── Source records ──

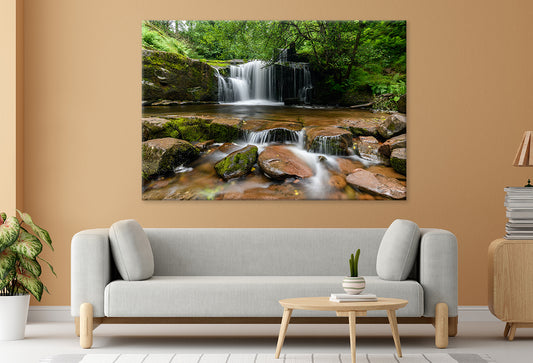 Brecon Beacons Waterfall View  Wall Art Decor 100% Australian Made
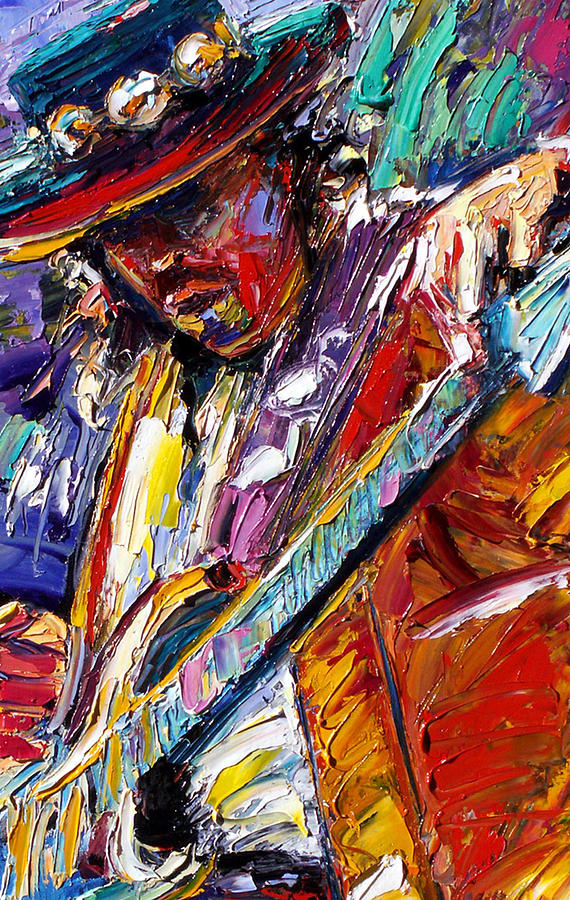 570x900 Stevie Ray Vaughan Number One Painting By Debra Hurd - Number One Painting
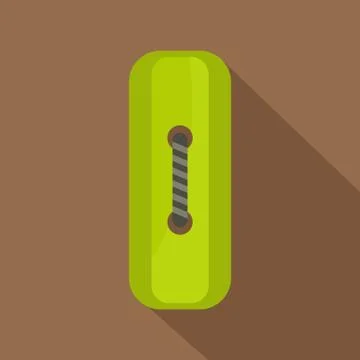 Green rectangle sewing button icon, flat style Illustrazione stock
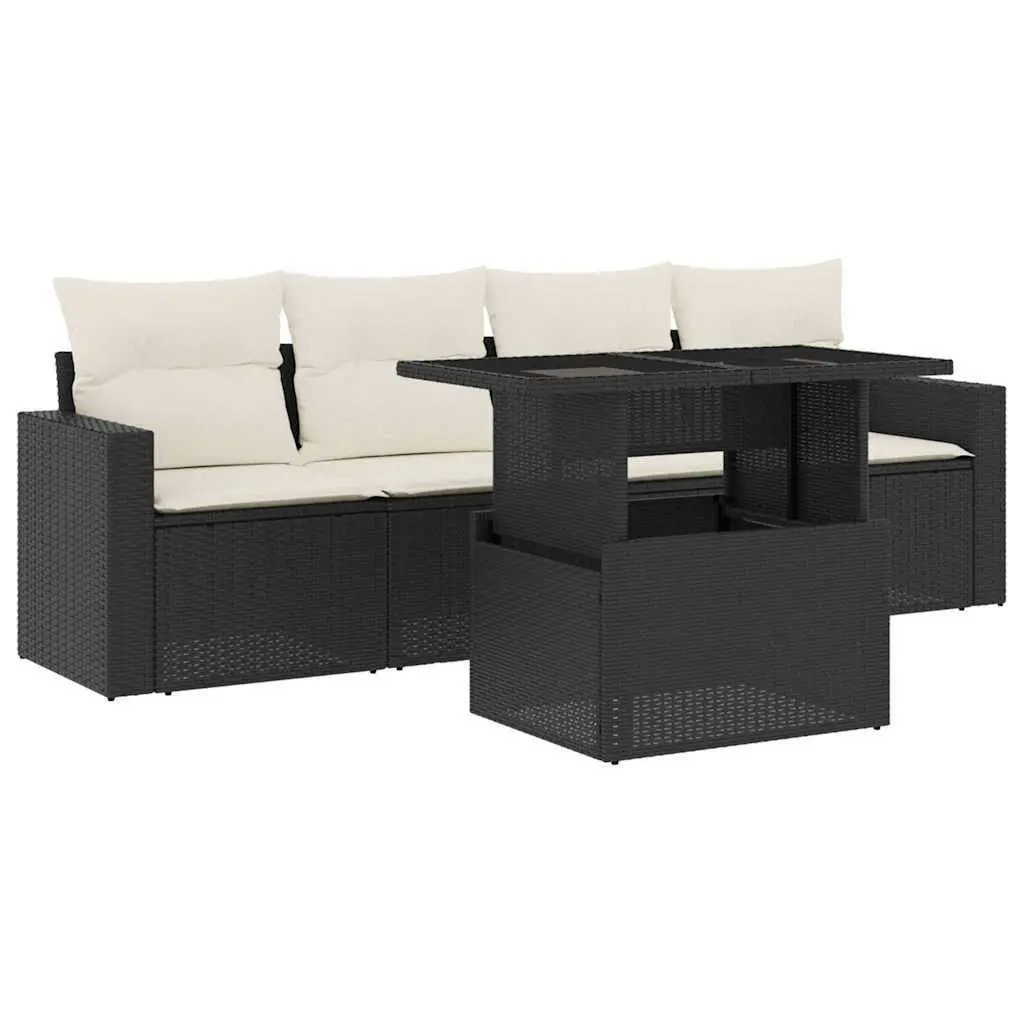 5 Piece Garden Sofa Set Black Adjustable Table Outdoor Patio Furniture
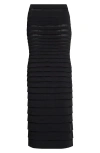 Alaïa 3d Stripe Strapless Midi Dress In Noir Alaia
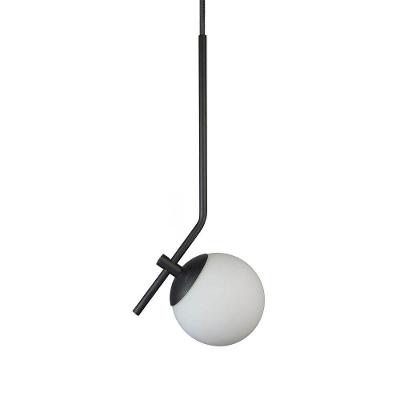 Pendente On Ly Preto Com Globo Esfera De Vidro Branco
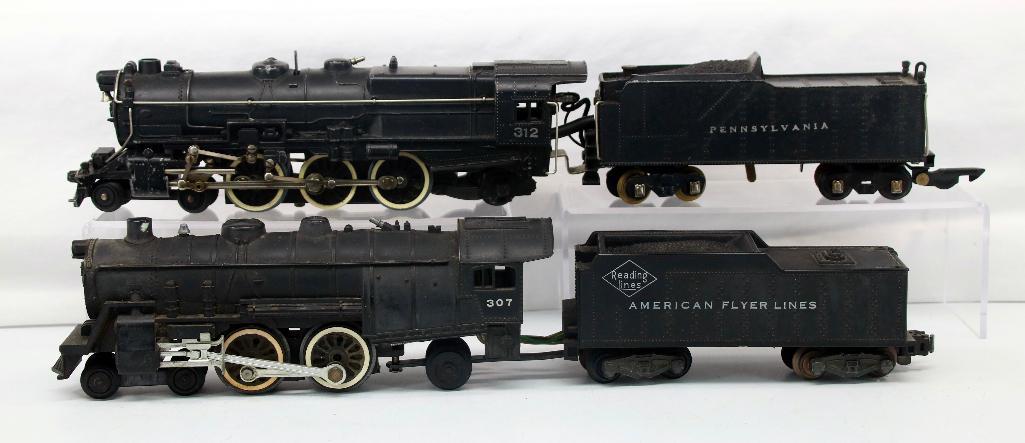 American Flyer S Gauge Postwar 312 Pennsylvania Loco & Tender and 307 Reading Lines Loco Tender: American Flyer S Gauge Postwar 312 Pennsylvania Loco and Tender and 307 Reading Lines Loco and Tender, including 307 4 - 4 - 2 Loco and Tender made in 1957 Plastic Loco and tender with metal couplers,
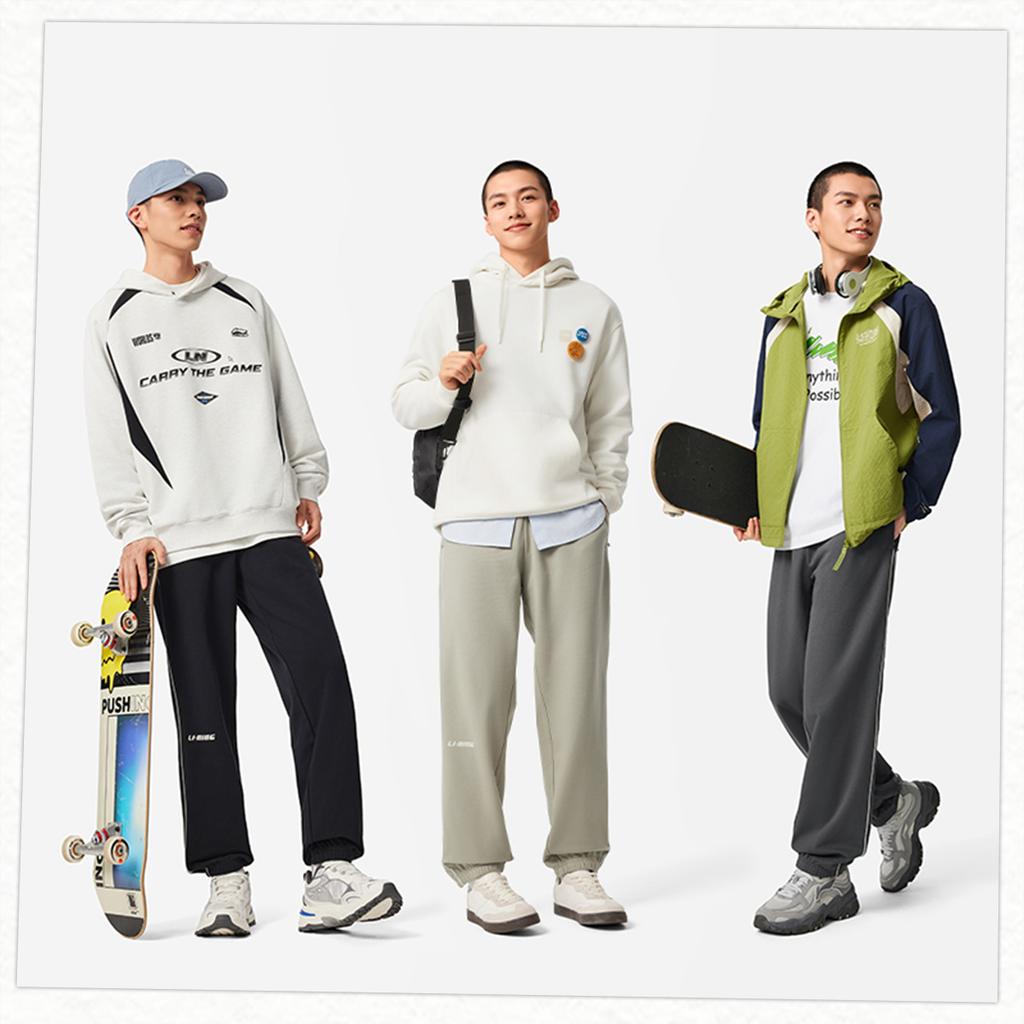 Li Ning Sports Lifestyle Series Loose Versatile Mid Waist Simple Cuffed Casual Pants Men Bottoms Brown Gray AKLVC21-3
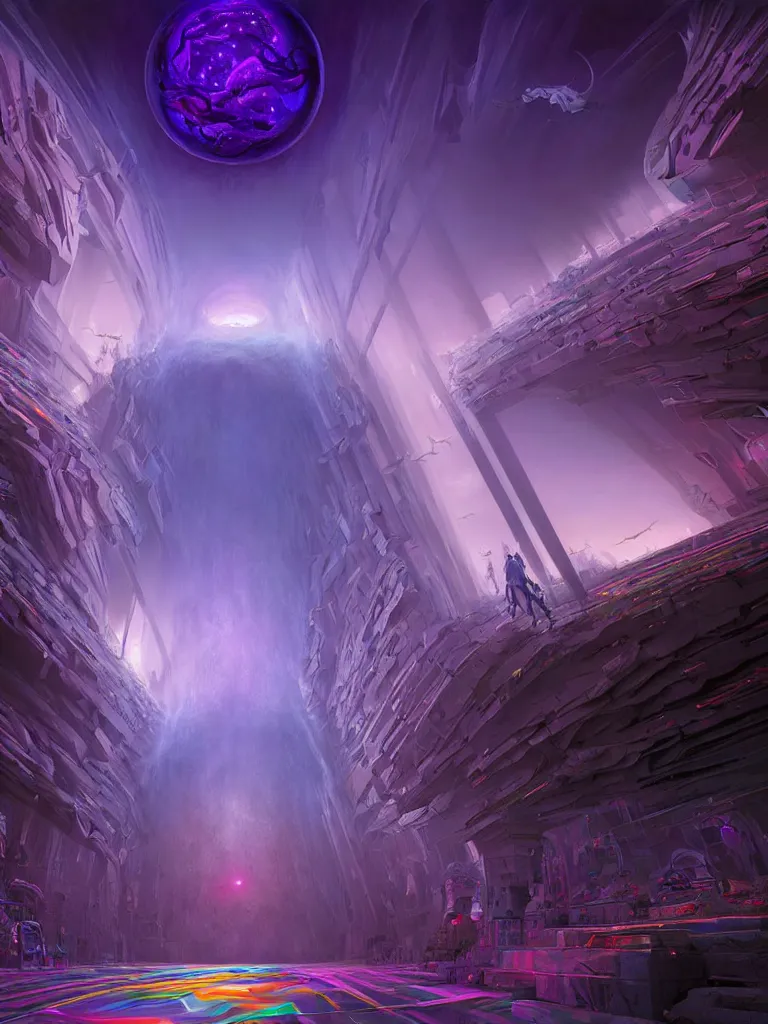 Image similar to entrance to ethereal realm, rendered in unreal engine, central composition, symmetrical composition, dreamy colourful cyberpunk colors, 6 point perspective, fantasy landscape with anthropomorphic!!! terrain!!! in the styles of igor morski, jim warren, and rob gonsalves, intricate, hyperrealistic, volumetric lighting, big sky, distinct horizon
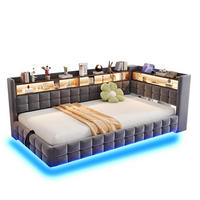 ČALOUNĚNÁ postel 90/200 cm s hydraulickým úložným prostorem, LED, USB, Typ-C a policemi, samet, Šedá - šedá, textil (90/200cm) - Redom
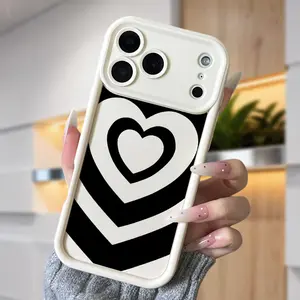 Heart Pattern Case for iPhone 17 Air 16 16e 15 14 13 12 11 Pro Max Plus X XS Shockproof Non Slip Military-Grade Protection Silicone TPU Cover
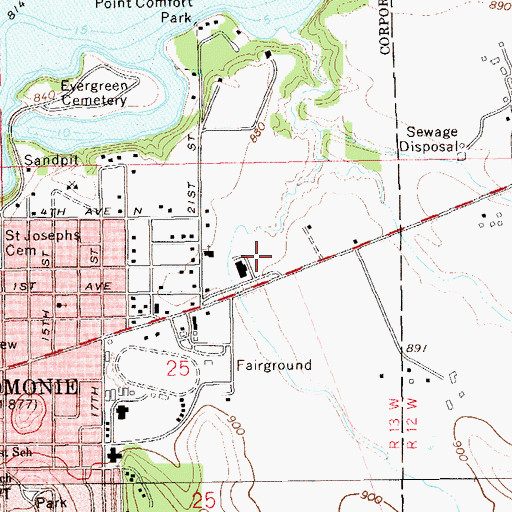 Topographic Map of Myrtle Werth Medical Center, WI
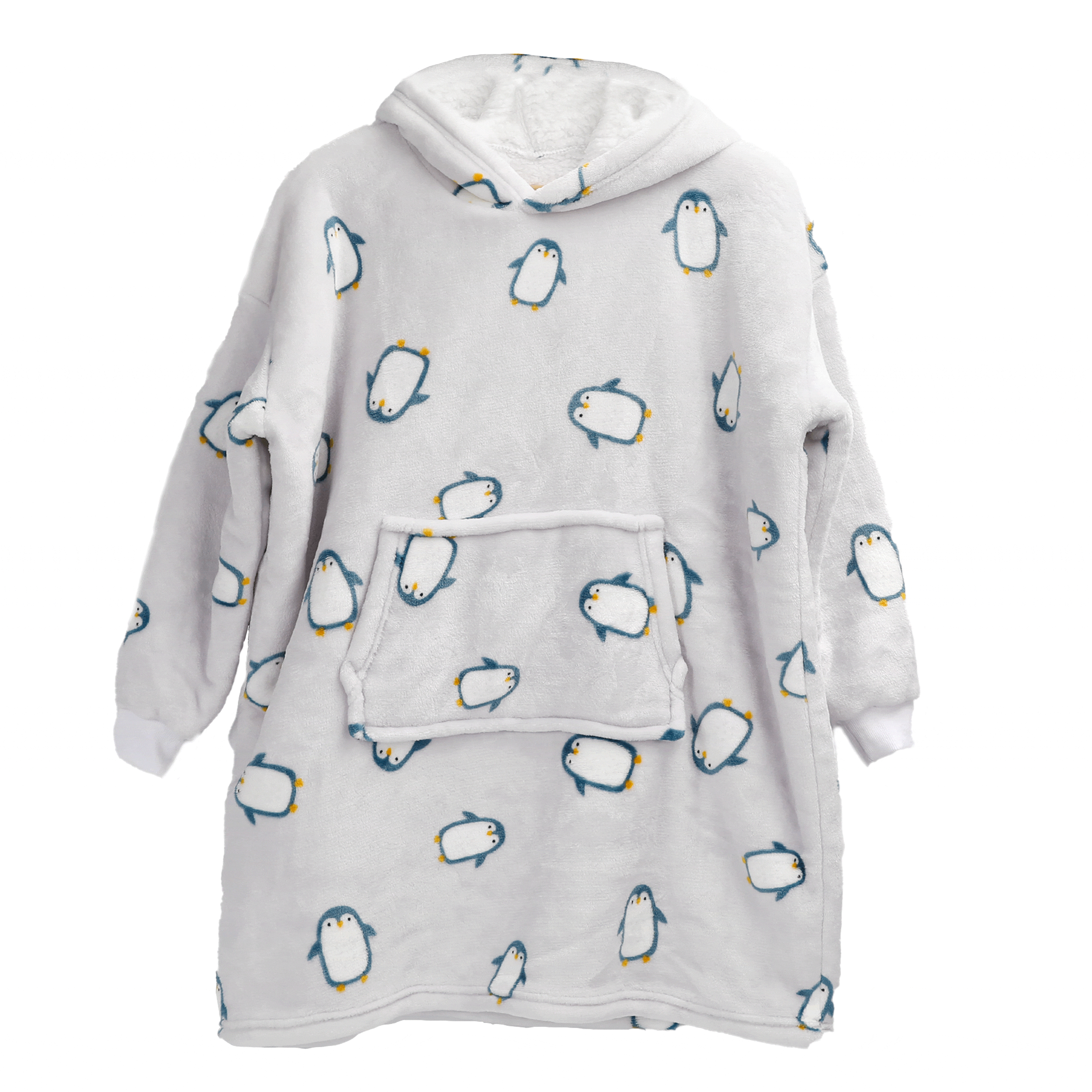 OLIVIA ROCCO Kids Oversized Hooded Penguin Blanket Hoodie Ultra Soft Sherpa Flannel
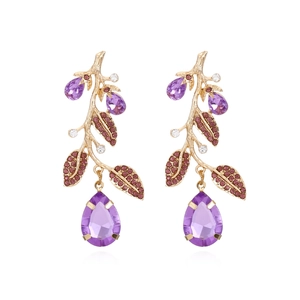 Purple Rhinestone Tree Branch Leaf Drop Earrings Alloy Gold Tone Teardrop Gemstone Vintage Exaggerated Jewelry Women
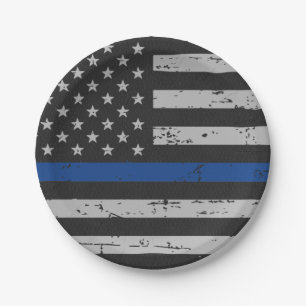 Thin Blue Line - Police Officer - American Flag Paper Plate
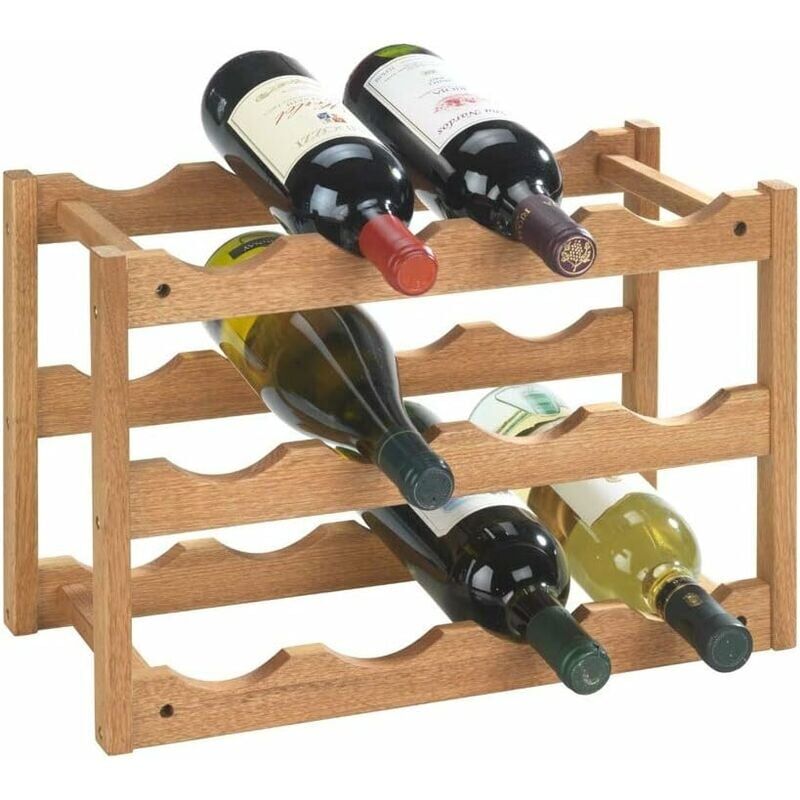 foto del prodotto portabottiglie, mensola per vino, portabottiglie, capacit 12 bottiglie, legno, norvegia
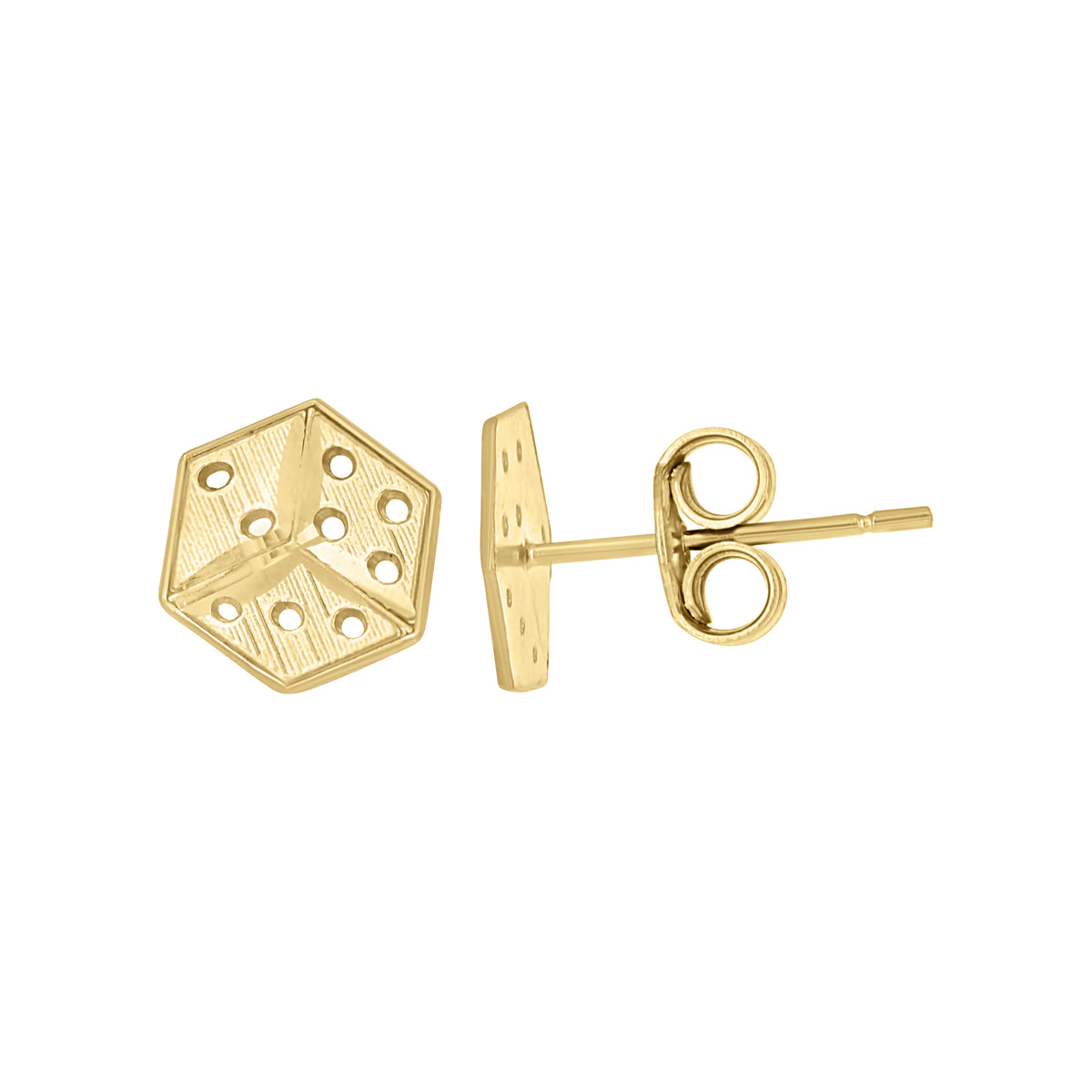 10K Yellow Gold Mens Gambling Dice Stud Earrings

───

• _Exercise requirements_: Output exactly the lines from the one containing "American Flyer S Gauge Postwar 312 Pennsylvania Loco &" through the last line of the records above, both included, and leave out the pictures.

• _Response area_:
 American Flyer S Gauge Postwar 312 Pennsylvania Loco & Tender and 307 Reading Lines Loco Tender: American Flyer S Gauge Postwar 312 Pennsylvania Loco and Tender and 307 Reading Lines Loco and Tender, including 307 4 - 4 - 2 Loco and Tender made in 1957 Plastic Loco and tender with metal couplers,
 Li Ning Sports Lifestyle Series Loose Versatile Mid Waist Simple Cuffed Casual Pants Men Bottoms Brown Gray AKLVC21-3
 Image similar to entrance to ethereal realm, rendered in unreal engine, central composition, symmetrical composition, dreamy colourful cyberpunk colors, 6 point perspective, fantasy landscape with anthropomorphic!!! terrain!!! in the styles of igor morski, jim warren, and rob gonsalves, intricate, hyperrealistic, volumetric lighting, big sky, distinct horizon
 ČALOUNĚNÁ postel 90/200 cm s hydraulickým úložným prostorem, LED, USB, Typ-C a policemi, samet, Šedá - šedá, textil (90/200cm) - Redom
 Heart Pattern Case for iPhone 17 Air 16 16e 15 14 13 12 11 Pro Max Plus X XS Shockproof Non Slip Military-Grade Protection Silicone TPU Cover
 Topographic Map of Myrtle Werth Medical Center, WI
 OLIVIA ROCCO Kids Oversized Hooded Penguin Blanket Hoodie Ultra Soft Sherpa Flannel
 Purple Rhinestone Tree Branch Leaf Drop Earrings Alloy Gold Tone Teardrop Gemstone Vintage Exaggerated Jewelry Women
 Thin Blue Line - Police Officer - American Flag Paper Plate
 foto del prodotto portabottiglie, mensola per vino, portabottiglie, capacit 12 bottiglie, legno, norvegia
 10K Yellow Gold Mens Gambling Dice Stud Earrings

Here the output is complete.